Permiten realizar una amplia gama de movimientos. Las sinoviales a su vez se dividen en subarticulaciones:

a.- Articulaciones uniaxiales que permiten movimiento en un solo eje o plano:

- Articulaciones en bisagra, gínglimo o troclear:

Las articulaciones en bisagra son articulaciones sinoviales donde las superficies articulares están moldeadas de manera tal que solo permiten los movimientos en el eje perlateral (plano mediano o sagital) y solo pueden realizar dos tipos de movimientos flexión y extensión. Por ejemplo, el codo, articulación húmero-cubital (húmero-ulnar), la rodilla, fémuro tibial y en los dedos, en la articulación entre las falanges proximales y medias y las falanges medias y distales.
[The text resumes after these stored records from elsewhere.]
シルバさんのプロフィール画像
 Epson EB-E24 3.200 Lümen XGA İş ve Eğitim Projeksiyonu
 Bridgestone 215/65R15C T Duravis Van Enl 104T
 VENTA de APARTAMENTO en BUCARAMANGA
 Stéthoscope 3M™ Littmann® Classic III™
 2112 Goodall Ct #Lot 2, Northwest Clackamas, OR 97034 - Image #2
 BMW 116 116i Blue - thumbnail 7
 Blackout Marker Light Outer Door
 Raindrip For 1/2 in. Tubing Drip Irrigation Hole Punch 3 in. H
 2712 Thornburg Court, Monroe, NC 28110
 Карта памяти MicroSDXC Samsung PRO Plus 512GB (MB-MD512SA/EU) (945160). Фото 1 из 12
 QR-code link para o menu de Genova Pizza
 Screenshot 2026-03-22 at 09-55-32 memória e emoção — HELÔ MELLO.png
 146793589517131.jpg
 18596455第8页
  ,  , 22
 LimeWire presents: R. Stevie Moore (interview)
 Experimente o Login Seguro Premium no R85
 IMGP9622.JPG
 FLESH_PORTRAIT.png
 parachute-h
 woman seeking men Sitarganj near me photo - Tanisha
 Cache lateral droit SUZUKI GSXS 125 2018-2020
- Articulaciones en pivote o trocoides o trochus:

Son articulaciones sinoviales donde las superficies articulares están moldeadas de forma parecida a un pivote y sólo permiten movimientos en el eje longitudinal y los únicos movimientos permitidos son los movimientos de rotación lateral y rotación medial. Por ejemplo la del cuello, atlantoaxial o también llamada atlantoaxil(atlas-axis), del codo (radio-cubital o radio-ulnar proximal). La pivotante del cuello permite voltear la cabeza y la del codo permite torcer el antebrazo.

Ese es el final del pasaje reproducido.